Pope asks prayers for vocations
Sunday, May 7, 2017 marks the 54th Anniversary of the World Day of Prayer for Vocations. Embedded deep in the psyche of the Congregation of the Mission and the Daughters of Charity is the prayer for vocations, “O Hope of Israel”.
O Hope of Israel, its Savior in time of trouble, look down with kindness from Heaven.
Take a close look at your vineyard, and provide whatever is necessary for it.
Swell its streams, increase its fruits, and bring to maturity the vineyard which your right hand has planted.
Indeed the harvest is great, but the laborers are few.
We ask you, therefore, Lord of the harvest: send laborers into your harvest.Multiply your people and increase their joy, so that the walls of Jerusalem may be built up.
This is your house, 0 Lord God, this is your house. Let there not be in it, I beg you, even one stone which your most holy hand has not placed there.
Preserve in your name those whom you have called and make them truly holy. Amen.
This prayer has roots going back to November 12, 1665 Saint Vincent wrote to M. Etienne Blatiron, the Superior at Genoa:
I thank God for the uncommon devotions which you have proposed for yourself to perform in order, through the blessed Saint Joseph, to request of God the spread of the Company. I beg His Divine Goodness to find them acceptable. For more than twenty years I have not dared to ask God for that, thinking that, the Congregation being His work, it was necessary to allow to His Providence alone the care for its preservation and its increase; now, by dint of thinking of the recommendation which is given in the Gospel of asking Him to send workers to His harvest, I have become convinced of the importance and usefulness of this devotion.”
However, it was Fr. A. Fiat (1878- 1914) who composed the prayer Expectatio Israel which has been used in the Double Family of Saint Vincent as their own particular prayer for vocations.
Vocations, however, are not the concern solely of Vincentians.
In his message for this year, Pope Francis stresses the theme “Led by the Spirit for Mission”

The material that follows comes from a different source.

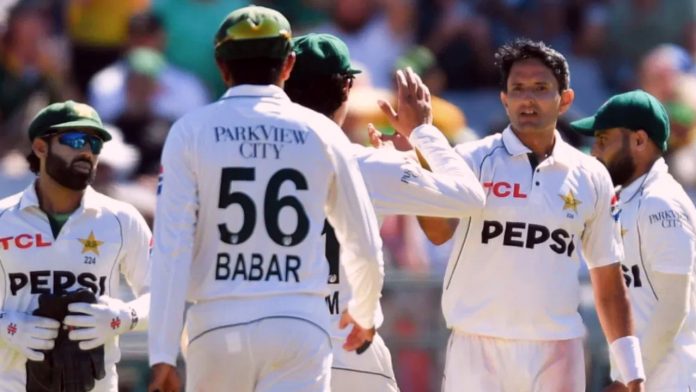 During the Cape Town Test, Pakistan lost five WTC points for their slow overrate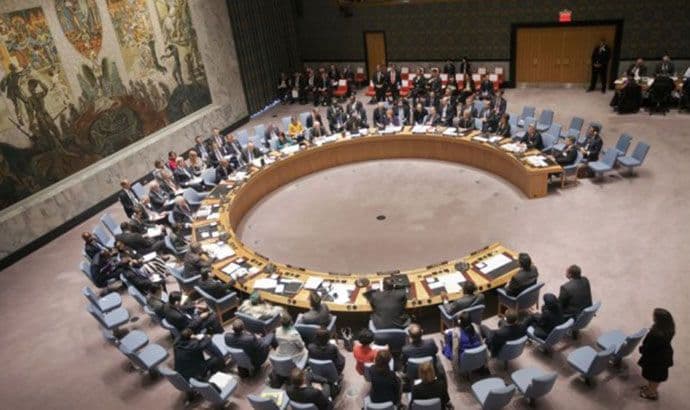 UN: Odbačene i ruska i francuska rezolucija o Siriji UN: Odbačene i ruska i francuska rezolucija o Siriji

I would like to reflect on the missionary dimension of our Christian calling. … In the depths of their heart, all missionary disciples hear this divine voice bidding them to “go about”, as Jesus did, “doing good and healing all” (cf. Acts 10:38). I have mentioned that, by virtue of baptism, every Christian is a “Christopher”, a bearer of Christ, to his brothers and sisters (cf. Catechesis, 30 January 2016).
This is particularly the case with those called to a life of special consecration and with priests, who have generously responded, “Here I am, Lord, send me!” With renewed missionary enthusiasm, priests are called to go forth from the sacred precincts of the temple and to let God’s tender love overflow for the sake of humanity (cf. Homily at the Chrism Mass, 24 March 2016). The Church needs such priests: serenely confident because they have discovered the true treasure, anxious to go out and joyfully to make it known to all (cf. Mt 13:44).
As mentioned above May 7 marks the 54th year os World Day of Prayer for Vocations
The purpose of the World Day of Prayer for Vocations is to publically fulfill the Lord’s instruction to, “Pray the Lord of the harvest to send laborers into his harvest” (Mt 9:38; Lk 10:2). As a climax to a prayer that is continually offered throughout the Church, it affirms the primacy of faith and grace in all that concerns vocations to the priesthood and to the consecrated life. While appreciating all vocations, the Church concentrates its attention this day on vocations to the ordained ministries(priesthood and diaconate), to the Religious life in all its forms (male and female, contemplative and apostolic), to societies of apostolic life, to secular institutes in their diversity of services and membership, and to the missionary life, in the particular sense of mission “ad gentes”.